Муратов успел убежать подальше, к скамейкам, над которыми висели вешалки, и взялся томительно расстёгивать пуговицы. Рубашка и так была распахнута на грани приличия… После очередной бестактности длинные пальцы застыли на нижней пуговице, и мне пришлось поднять взгляд на его хитрющее лицо. В хладнокровных голубых глазах замерцал синий огонёк.
— Просто… просто интересно, как у вас тут устроено.
«Почему спрашиваю»? Серьёзно? Я вежливая! Иногда бываю… Да о чём ты вообще подумал?!
Он усмехнулся влажными приоткрытыми губами, которые без конца облизывал. Ему удалось добиться оправданий. Слишком неловко…
Ему видно, как я нервничаю?
Я поняла это, когда заметила, как руки начали поправлять волосы и вдруг уже приступили растирать подрагивающие колени. Ума не приложу, куда их засунуть?

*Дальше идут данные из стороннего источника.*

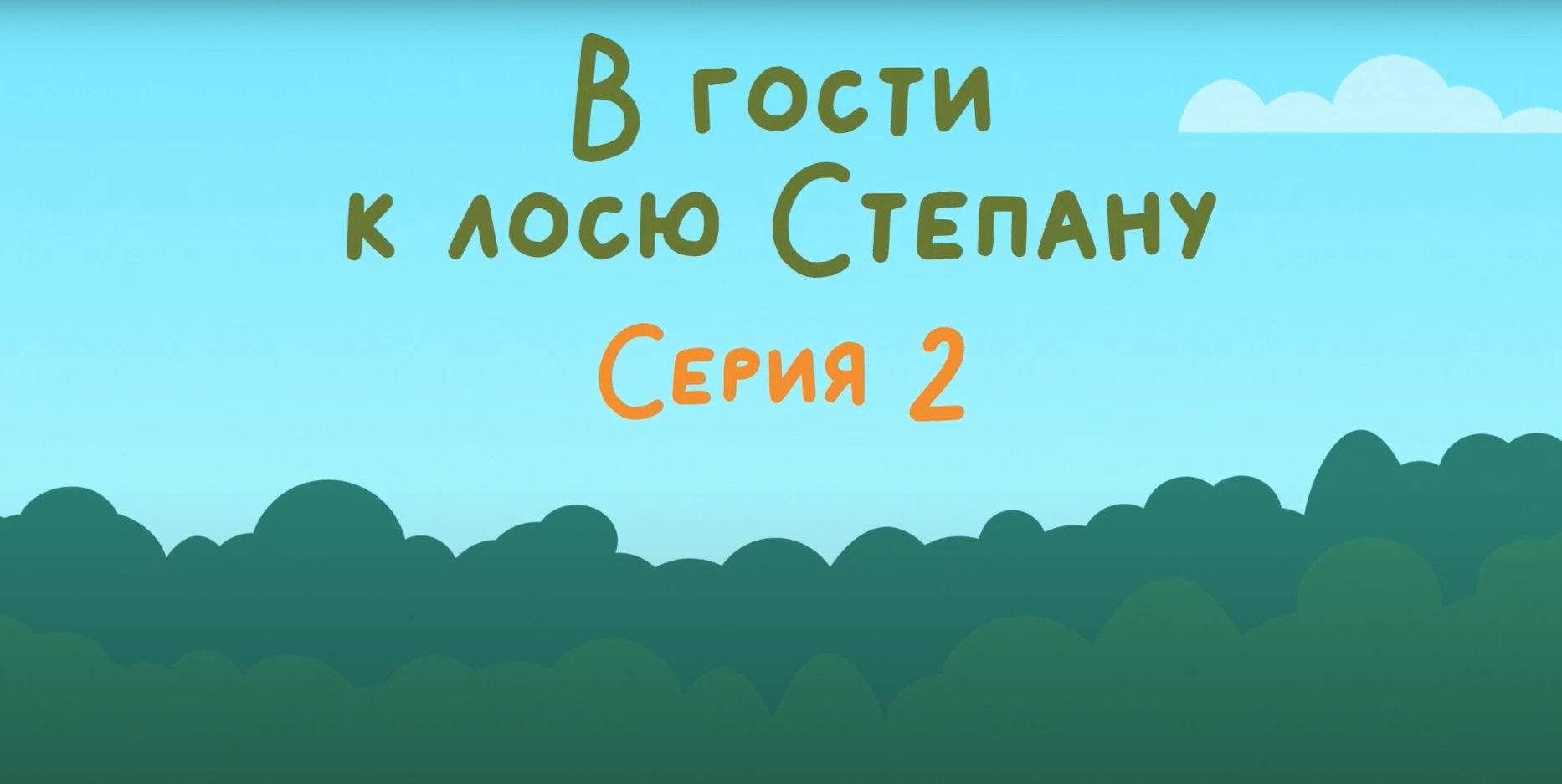 Мультфильм о национальном парке «Койгородский». Серия №2 - Мир растений национального парка.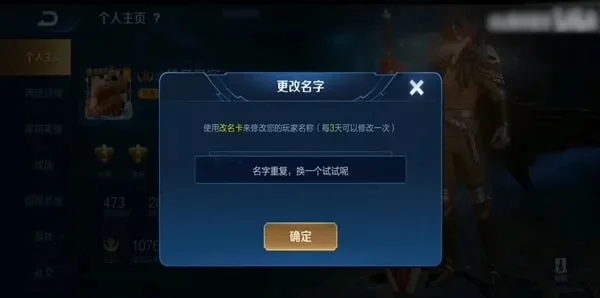 《王者荣耀》竖立名字修改攻略-王者荣耀名字修改攻略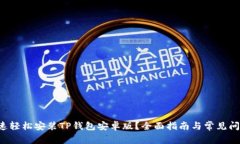 如何快速轻松安装TP钱包安卓版？全面指南与常见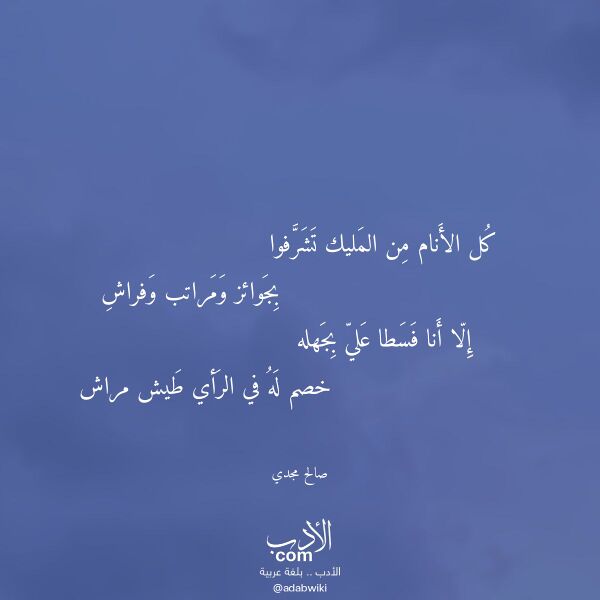 اقتباس من قصيدة كل الأنام من المليك تشرفوا لـ صالح مجدي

Лекса, задрав нос, пристально контролировал длину слегка собравшегося на моих бёдрах платья. Я окончательно смутилась. Торопливо натянула край ткани на выглядывающую границу шорт капроновых колготок.
— Вы не против, я переоденусь? — соизволил он спросить «разрешение», подойдя с уже голым торсом. Рубашка осталась висеть на вешалке.
Во рту скопилась слюна. Снова ощутилась кислинка шампанского. Я с трудом сглотнула, исподтишка рассмотрев мужское стройное тело, и испытала пробирающую бурю мурашек. Ничего, парням законом не запрещено появляться при посторонних без верха…
А ему бы стоило запретить!
Муратову досталось крепкое телосложение, слегка худоватое. Образ в одних облегающих брюках и кожаном ремне навлёк на меня постыдное желание распустить руки. Мышцы на рельефных плечах соблазнительно перекатывались от его грациозных движений. Я расслышала собственный шумный вздох и обмерла, когда парень приземлился рядом. От его медовой, чуть смугловатой кожи исходил давно выученный мною волнующий запах.